The required answer is the run of lines from the one holding "A symphony of" to the end of the data below, copied exactly and free of pictures.
**** Dataset excerpt ****
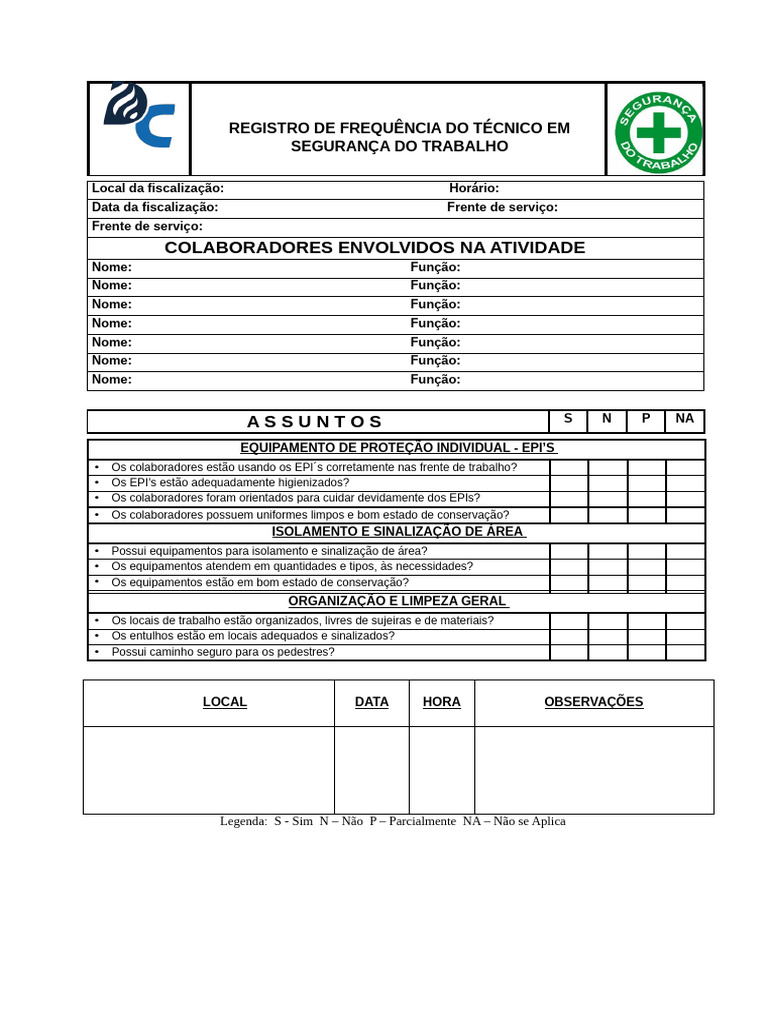 Checklist - Registro de Frequência Do Técnico em Segurança Do Trabalho ...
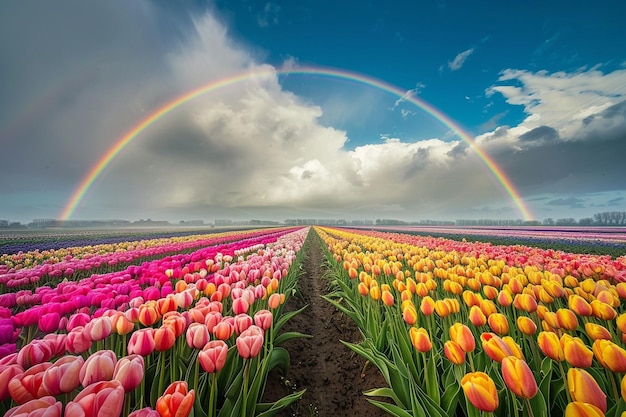 A symphony of colors tulip fields beneath a radian generative ai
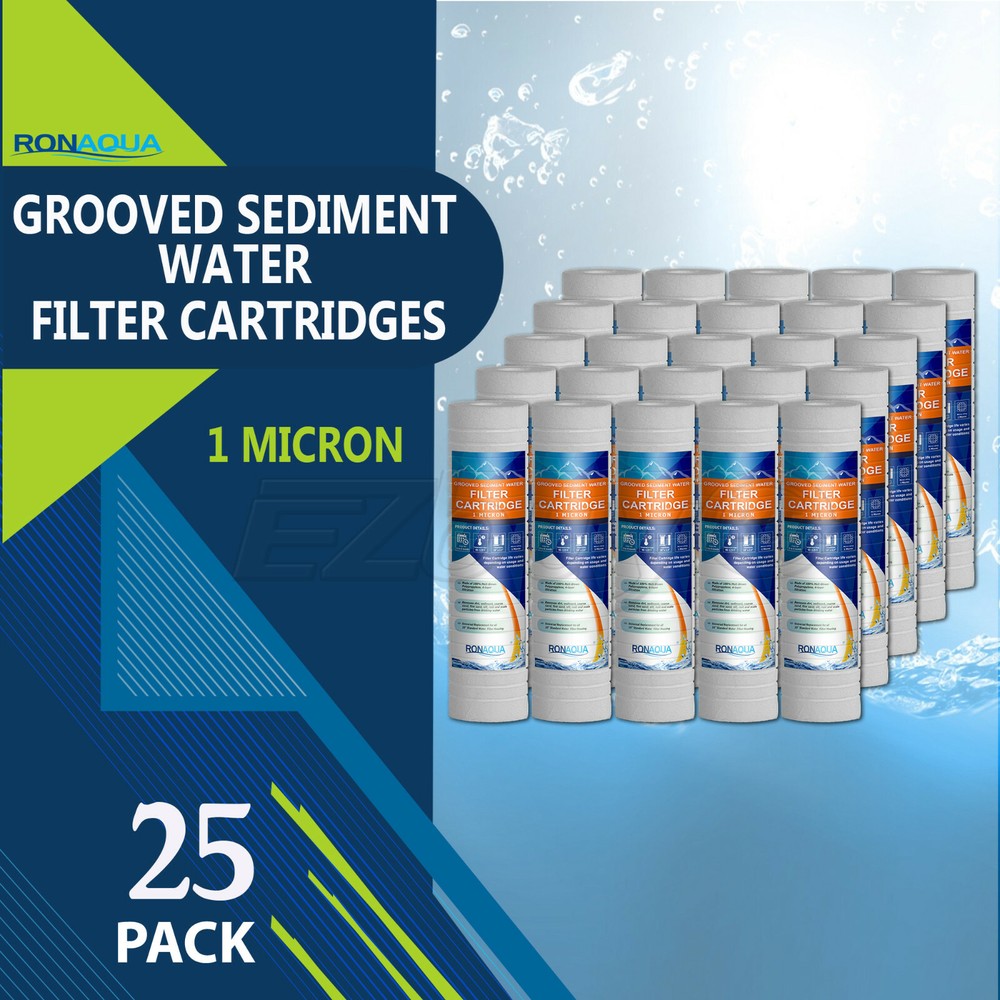 25 Pack Grooved Sediment 1 Micron Water Filters Cartridge 2.5" x 10"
****
Written solution:
 A symphony of colors tulip fields beneath a radian generative ai
 25 Pack Grooved Sediment 1 Micron Water Filters Cartridge 2.5" x 10"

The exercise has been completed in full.